◆ DIRECTIONS FOR THIS TASK
In the material below, the required lines run from the one containing "Last case: bilateral" through the one containing "In this video, we". Copy those lines exactly, ends included, and nothing else.

◆ DATA SHOWN
--------------------------------------------------
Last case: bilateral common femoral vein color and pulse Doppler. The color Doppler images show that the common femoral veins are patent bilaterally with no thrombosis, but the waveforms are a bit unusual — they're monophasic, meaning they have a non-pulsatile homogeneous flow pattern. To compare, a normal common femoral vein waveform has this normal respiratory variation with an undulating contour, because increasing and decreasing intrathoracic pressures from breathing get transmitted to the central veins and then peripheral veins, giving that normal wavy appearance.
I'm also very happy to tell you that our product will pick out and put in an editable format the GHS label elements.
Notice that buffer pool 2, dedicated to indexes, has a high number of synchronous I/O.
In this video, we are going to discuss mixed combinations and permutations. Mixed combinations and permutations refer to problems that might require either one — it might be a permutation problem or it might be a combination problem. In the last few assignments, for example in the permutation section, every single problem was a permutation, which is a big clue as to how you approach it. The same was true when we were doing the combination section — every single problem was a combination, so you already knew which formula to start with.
--------------------------------------------------
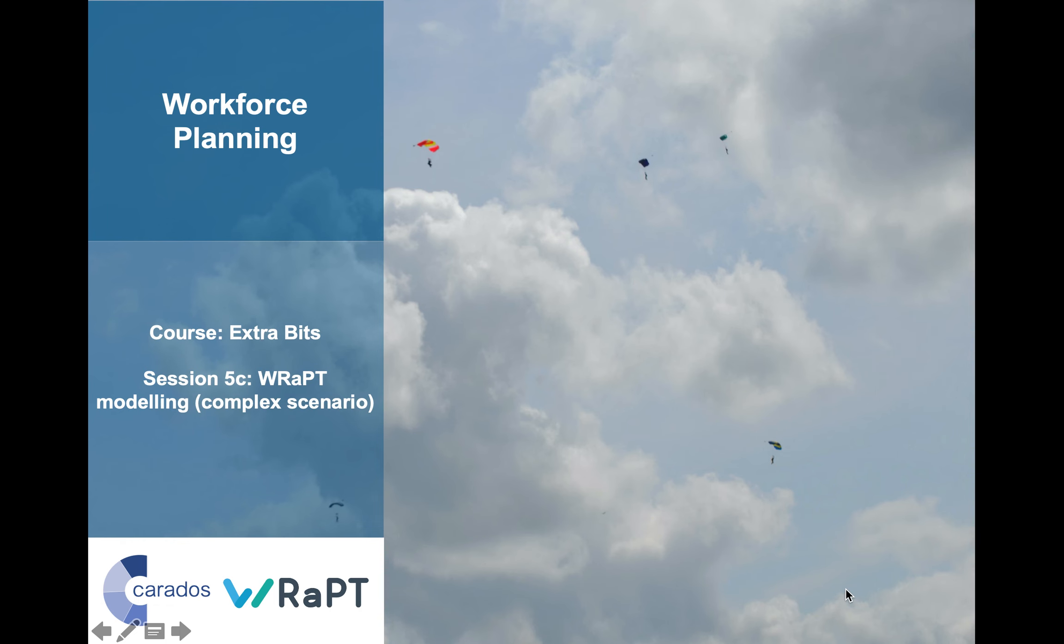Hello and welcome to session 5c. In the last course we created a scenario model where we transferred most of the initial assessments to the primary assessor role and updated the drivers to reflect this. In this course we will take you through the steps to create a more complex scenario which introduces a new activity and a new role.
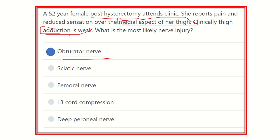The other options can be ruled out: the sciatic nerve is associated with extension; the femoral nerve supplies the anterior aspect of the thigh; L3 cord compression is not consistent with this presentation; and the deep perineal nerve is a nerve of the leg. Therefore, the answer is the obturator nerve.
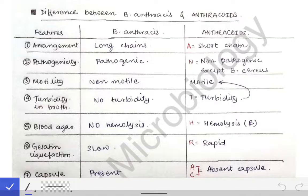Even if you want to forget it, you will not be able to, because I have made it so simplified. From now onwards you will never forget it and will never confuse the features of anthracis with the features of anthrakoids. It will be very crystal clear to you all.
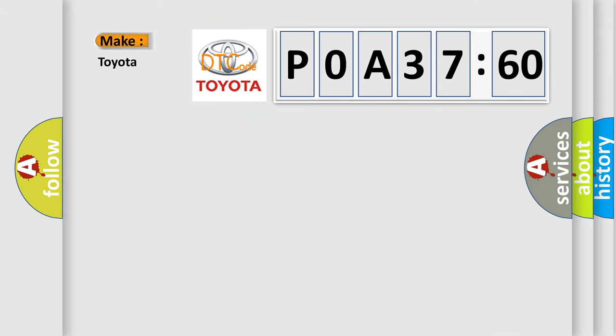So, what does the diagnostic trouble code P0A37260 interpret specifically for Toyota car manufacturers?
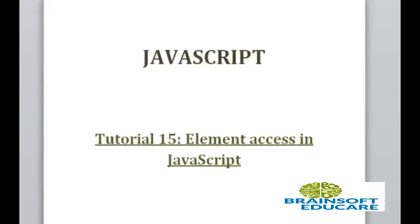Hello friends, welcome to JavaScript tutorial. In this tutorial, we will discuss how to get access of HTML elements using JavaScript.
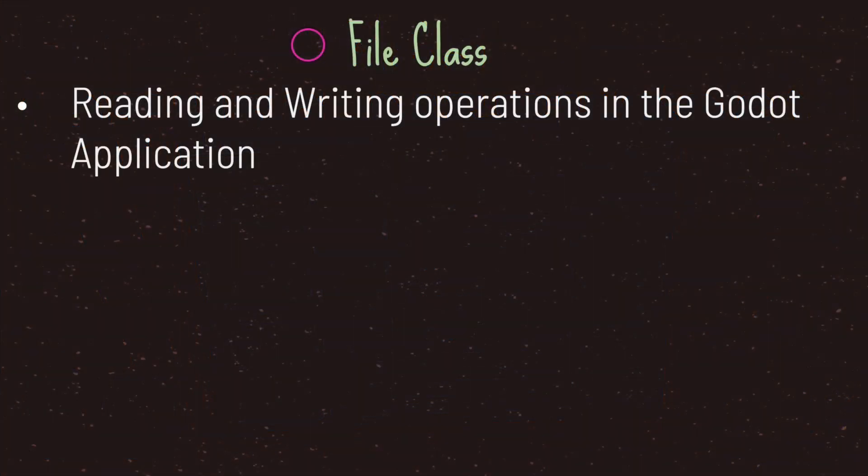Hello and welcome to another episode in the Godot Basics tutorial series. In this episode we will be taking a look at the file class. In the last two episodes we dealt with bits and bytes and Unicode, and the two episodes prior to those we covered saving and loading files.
--------------------------------------------------
◆ RESPONSE
Last case: bilateral common femoral vein color and pulse Doppler. The color Doppler images show that the common femoral veins are patent bilaterally with no thrombosis, but the waveforms are a bit unusual — they're monophasic, meaning they have a non-pulsatile homogeneous flow pattern. To compare, a normal common femoral vein waveform has this normal respiratory variation with an undulating contour, because increasing and decreasing intrathoracic pressures from breathing get transmitted to the central veins and then peripheral veins, giving that normal wavy appearance.
I'm also very happy to tell you that our product will pick out and put in an editable format the GHS label elements.
Notice that buffer pool 2, dedicated to indexes, has a high number of synchronous I/O.
In this video, we are going to discuss mixed combinations and permutations. Mixed combinations and permutations refer to problems that might require either one — it might be a permutation problem or it might be a combination problem. In the last few assignments, for example in the permutation section, every single problem was a permutation, which is a big clue as to how you approach it. The same was true when we were doing the combination section — every single problem was a combination, so you already knew which formula to start with.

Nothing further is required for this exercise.